What Does it Take to Manage a Community?

A few weeks ago, I wrote a blog post, Reflections on Community Management: AKA “What Do You Do”, with thoughts about what community managers do. I promised to follow it up with another post about the skills it takes to manage communities. It was Seth Godin’s post, Jobs of the future, #1: Online Community Organizer, that originally got me thinking about this topic. Godin says:

“It would help if that person understood technology, at least well enough to know what it could do. They would need to be able to write. But they also have to be able to seduce stragglers into joining the group in the first place, so they have to be able to understand a marketplace, do outbound selling and non-electronic communications.

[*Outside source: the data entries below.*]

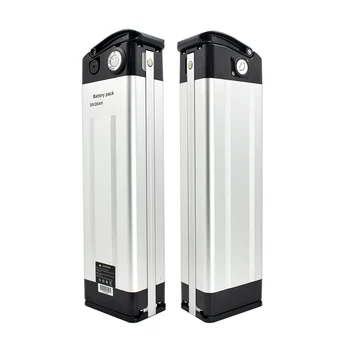 TGHY 36V/48V Lithium Accu – 8Ah Tot 20Ah – Verwijderbaar Met Slot En Sleutel – Voor Vouwfietsen, Motoren 50-1000W – Inclusief Oplader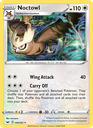 Noctowl Rare (144/202) swsh1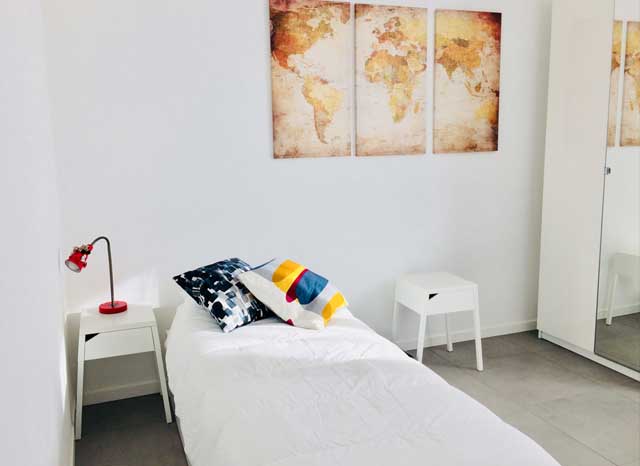 Homestay-Italian-language vacation-Florence-Roberta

They have to be able to balance huge amounts of inbound correspondence without making people feel left out, and they have to be able to walk the fine line between rejecting trolls and alienating the good guys.

Since there’s no rule book, it would help to be willing to try new things, to be self-starting and obsessed with measurement as well.” (Quote from Seth Godin’s Blog)

What skills do I think it takes to manage a community?

  • Patience. The community manager should not be the one responding to all of the questions. She needs to hold back and let others within the community participate. This is especially true when someone in the community is being particularly difficult. It can be easy to fire off an angry response that might be regretted later, but waiting until the emotions cool a bit can make the response more thoughtful and constructive. This includes patience with newbie community members. She may have heard the question a million times from other newbies, but this is probably the first time this particular person has asked the question. Taking a little time to welcome new community members while pointing them to a list of helpful resources (nicely) can go a long way toward helping to grow your community.
  • Networking. The best community managers are the ones who seem to know everyone and have a large group of colleagues who can help in various ways. These people do not typically acquire large networks by accident; they have good networking skills and are constantly meeting new people and growing their network.
  • Communication. Community managers should be great communicators. In some communities where the interactions are primarily online, good writing skills are essential. Public speaking skills can also be required for those community managers who also spend time organizing community events, evangelizing, and speaking at conferences on topics related to the community.
  • Facilitation. I spend a fair amount of time making sure that the right people are involved and engaged in the community. No one person can (or should) respond to every question or comment, so the community manager is frequently in the position of facilitating the discussions.
  • Technical Skills. Having at least a basic understanding of the technologies used in your community are important. This varies widely depending on the community. In my case, the ability to administer the Clearspace installation, maintaining and writing web pages, bug tracking software, svn, etc. have been really helpful. I find that my background as a sys admin has been really helpful in this job. Not all community managers need to be highly technical. It certainly helps to be able to do some things yourself, but in my case, I do what I can and rely on our hosting provider, our web developer, and other developers at Jive to help with the tricky stuff.
  • Marketing. For those of us managing developer communities, marketing may seem like a dirty word, but yes, marketing skills are a requirement. The community manager needs to be able to promote community activities, solicit new members, and in general get the word out about the community.
  • Self Motivation. In most cases, no one will be looking over the community manager’s shoulder telling him what to do. He needs to be self motivated to do whatever it takes to keep the community active and healthy without much direction from others.
  • Workaholic Tendencies. I do not mean that the community manager must work all the time; however, most communities do not exist in the 9-5 work hour schedule. People from all time zones participate at all hours of the day. Community managers probably want to at least check in on the community outside of business hours and respond to any hot topics or heated debates. This ties into the self motivation skills described above.
  • Organization. Community managers should also be organized. Keeping track of loose ends, making sure that questions are answered, being able to organize events, etc. all require good organizational skills and attention to detail. This is probably the toughest one for me. Although I tend to be highly organized, I tend not to be particularly attentive to details. I’m working on it 🙂

I have no doubt that there are more skills required for community managers, but I think this is a pretty good start. This list may also be a bit skewed toward those who manage developer communities or open source communities, since these are the types of communities that I have managed. I would be very interested to hear perspectives from other community managers here in the comments. What skills do you think are most important for community managers?